— What is being asked —
For this exercise, write out only the lines of the entries below from the one with "Publication : de Vaumarloups Auteur : dornat" up to and including the one with "Strażacy z OSP", exactly as they are. Pictures stay out.

— Data extracts —

▽

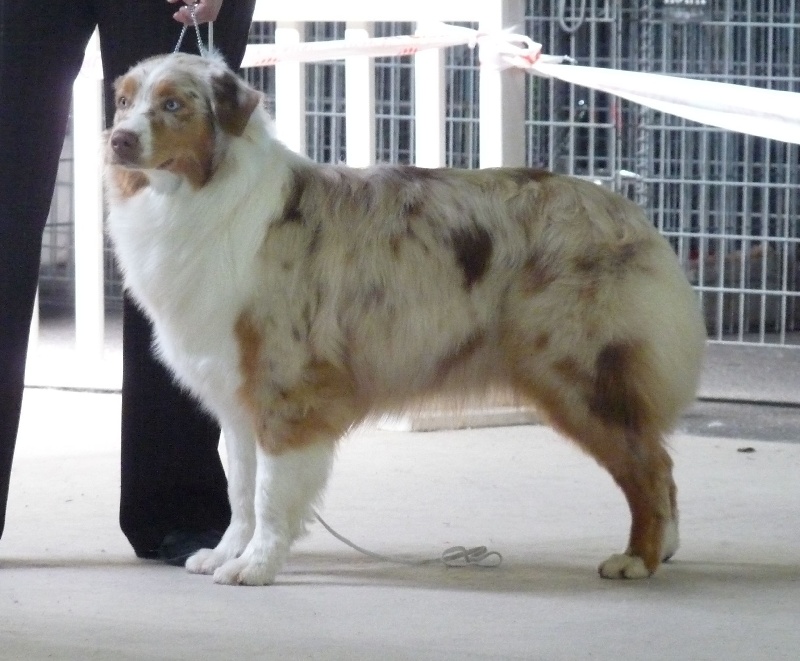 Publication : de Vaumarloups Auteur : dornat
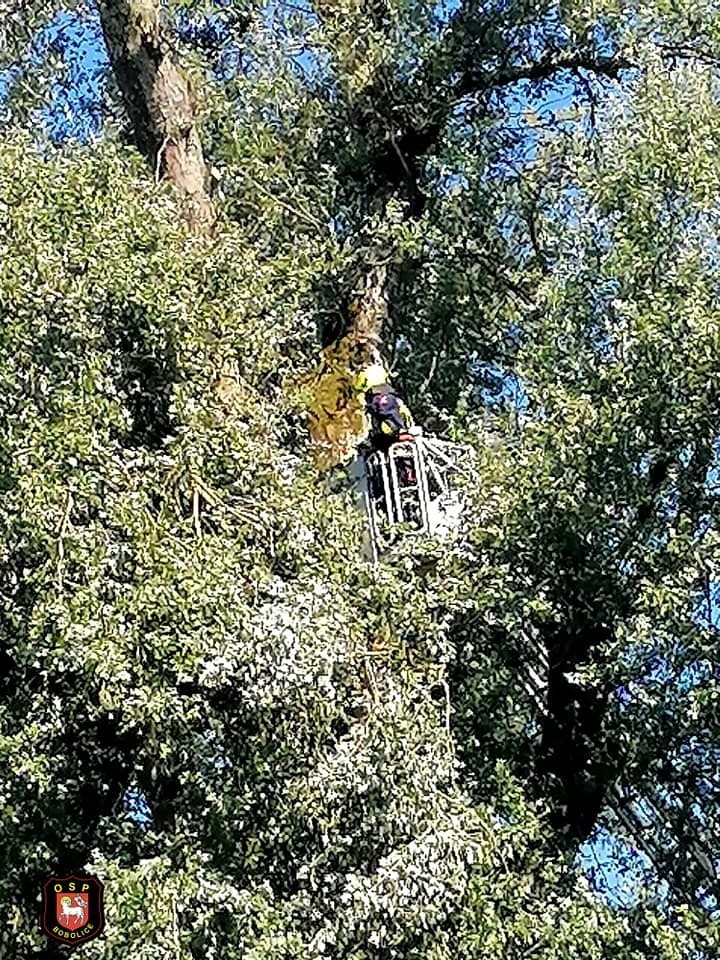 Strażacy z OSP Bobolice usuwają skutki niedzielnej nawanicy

△
▽

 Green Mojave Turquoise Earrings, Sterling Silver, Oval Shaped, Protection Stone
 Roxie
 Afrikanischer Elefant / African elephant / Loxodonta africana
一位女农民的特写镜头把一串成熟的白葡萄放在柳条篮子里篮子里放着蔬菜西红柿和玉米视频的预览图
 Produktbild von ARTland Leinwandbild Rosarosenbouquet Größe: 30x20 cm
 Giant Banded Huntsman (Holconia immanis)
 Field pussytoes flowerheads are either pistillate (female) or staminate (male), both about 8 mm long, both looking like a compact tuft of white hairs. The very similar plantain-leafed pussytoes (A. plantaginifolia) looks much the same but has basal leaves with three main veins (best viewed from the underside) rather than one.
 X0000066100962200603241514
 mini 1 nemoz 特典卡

△
▽

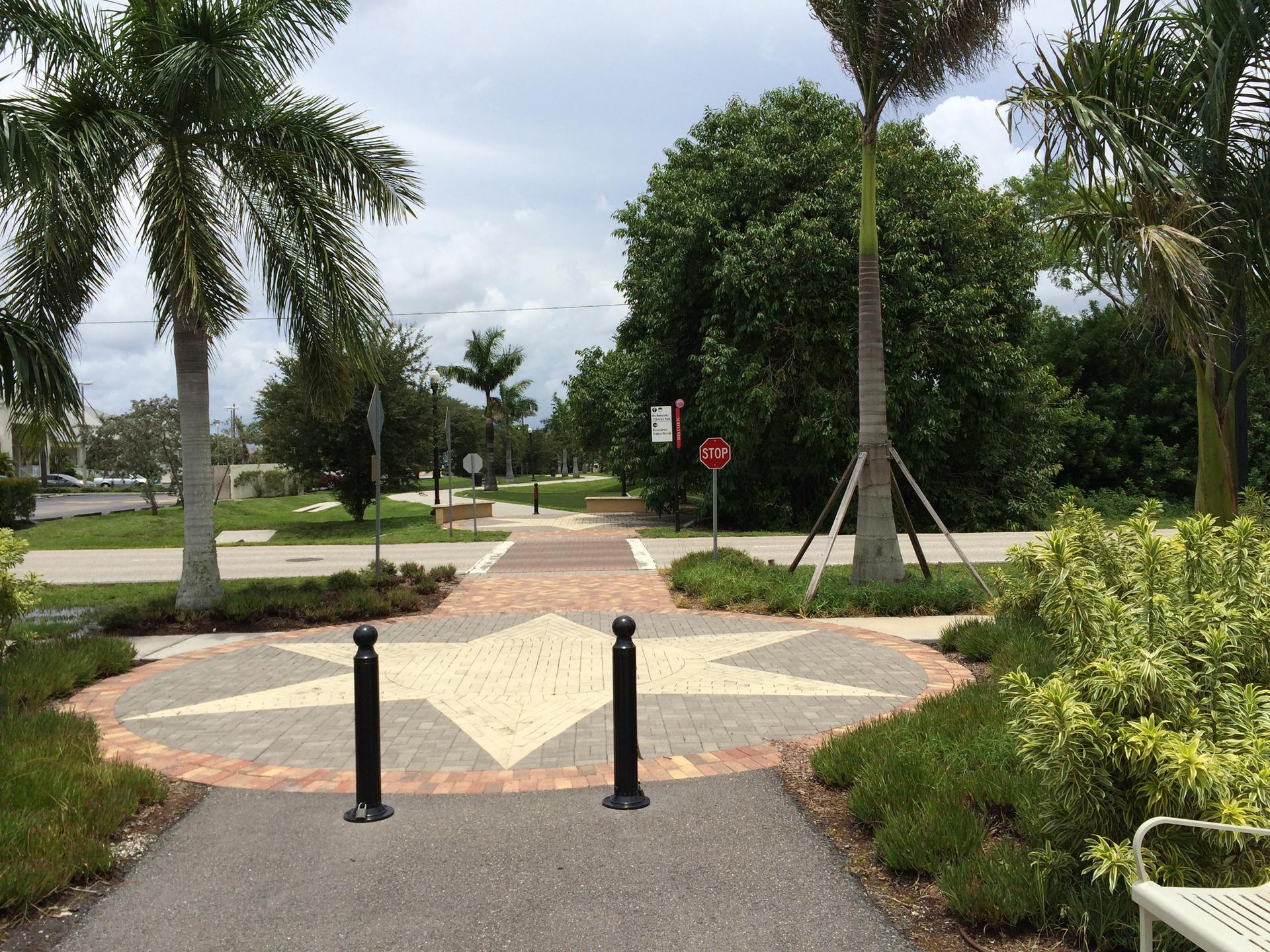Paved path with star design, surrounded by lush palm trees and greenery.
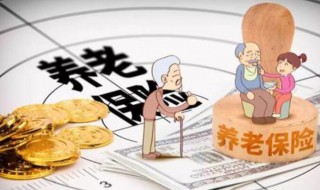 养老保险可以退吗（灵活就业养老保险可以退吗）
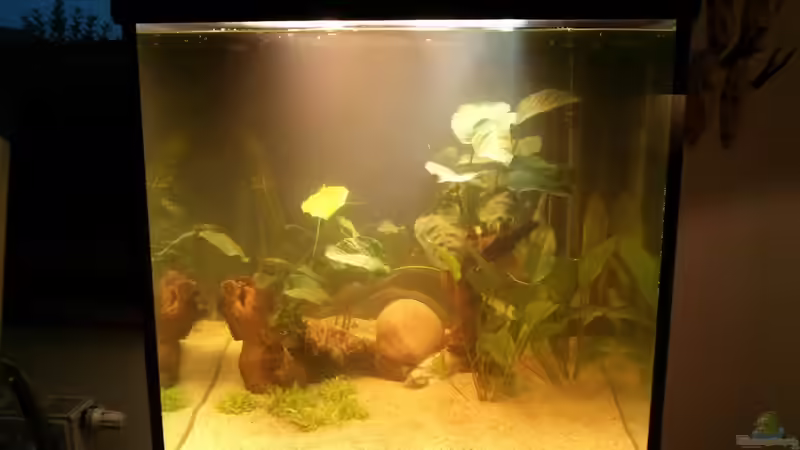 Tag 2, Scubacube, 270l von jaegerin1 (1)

△

— Answer box —
 Publication : de Vaumarloups Auteur : dornat
 Strażacy z OSP Bobolice usuwają skutki niedzielnej nawanicy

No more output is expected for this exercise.